# January meeting on 1-25 at Texas Aquatics



## TanyaQ2000 (Jan 31, 2010)

the January meeting will be held on Sunday, January 25, 2015, at 1pm at Texas Aquatics

please bring chairs and snacks as well as plants & Alex please bring the table

officers will be elected and annual dues ($20) can be paid

Texas Aquatics is at 6908 Baker Blvd, Richland Hills 76118 (on the south side of the road)

Tugg or Alex, please send out emails...thank you


----------



## Michael (Jul 20, 2010)

Tanya, thanks for setting this up.


----------



## Tugg (Jul 28, 2013)

Also, anyone who pays their dues via Paypal through the site will have their name printed on their membership card. Anyone who waits until the meeting will have to write it in. Plus, it makes my life a lot easier not having to collect money at the meeting, and allows more time to socialize and trade. 

Please put your name as you would like it to appear on the card in the comments of the Paypal transaction.
http://www.aquatic-plants.org/join.html


----------



## TanyaQ2000 (Jan 31, 2010)

Texas Aquatics does not have a lot of plants but they have a nice layout for future plants. If you're wanting something, give them a call and let them know you're a club member and they may be able to order (plan to pay via cc on the phone)
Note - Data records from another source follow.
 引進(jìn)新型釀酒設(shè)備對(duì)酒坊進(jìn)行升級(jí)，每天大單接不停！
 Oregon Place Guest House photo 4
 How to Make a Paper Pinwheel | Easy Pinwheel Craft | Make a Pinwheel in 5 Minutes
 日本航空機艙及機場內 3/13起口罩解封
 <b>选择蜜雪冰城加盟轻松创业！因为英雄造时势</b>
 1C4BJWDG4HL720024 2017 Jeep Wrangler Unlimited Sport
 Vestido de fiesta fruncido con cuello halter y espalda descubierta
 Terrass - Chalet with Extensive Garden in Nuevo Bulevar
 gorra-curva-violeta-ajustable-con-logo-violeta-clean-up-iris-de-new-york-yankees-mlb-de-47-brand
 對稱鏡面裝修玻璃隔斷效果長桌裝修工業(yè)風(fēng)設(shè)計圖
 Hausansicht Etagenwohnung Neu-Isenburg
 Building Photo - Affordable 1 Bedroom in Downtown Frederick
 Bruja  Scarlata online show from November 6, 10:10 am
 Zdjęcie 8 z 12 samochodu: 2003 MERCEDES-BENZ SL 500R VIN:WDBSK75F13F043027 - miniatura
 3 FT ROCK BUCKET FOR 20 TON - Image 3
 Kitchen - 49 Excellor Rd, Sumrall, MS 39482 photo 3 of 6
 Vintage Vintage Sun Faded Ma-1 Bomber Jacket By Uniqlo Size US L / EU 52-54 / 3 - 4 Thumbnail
http://www.texasaquaticsfish.com/

Here's a pic of the type of setup they have for plants, the 4 tier to the right... pic is not of their tank... this is on a 'hoist' with a light hanging

http://www.google.com/url?sa=i&rct=...nbNhkddBZktKRw4EE89Tc0GA&ust=1420470944166019


----------



## tomgndallas (Nov 13, 2014)

Tugg said:


> Also, anyone who pays their dues via Paypal through the site will have their name printed on their membership card. Anyone who waits until the meeting will have to write it in. Plus, it makes my life a lot easier not having to collect money at the meeting, and allows more time to socialize and trade.
> 
> Please put your name as you would like it to appear on the card in the comments of the Paypal transaction.
> http://www.aquatic-plants.org/join.html


Thanks for this info Tugg. Just sent the PayPal with my dues.


----------



## fishyjoe24 (May 18, 2010)

Have a guest coming, Shaun and possibly his wife amber. they own Imperial auto nation auto repair and paint. they are a great Subaru family, and have a 125G and want to get in to aquatic plants.


----------



## TanyaQ2000 (Jan 31, 2010)

nice Joey


----------



## BenChod (Sep 21, 2011)

I have 3 gold fish to give away if anyone is interested. I got them to cycle my tank and have no use for them. Let me know so i can bring them to the meeting.


----------



## BenChod (Sep 21, 2011)

I also have an un-open bag of Safe-T-Sorb for $8.00....again use to set up an tank and was one too many.


----------



## TetraGuy72 (Dec 12, 2009)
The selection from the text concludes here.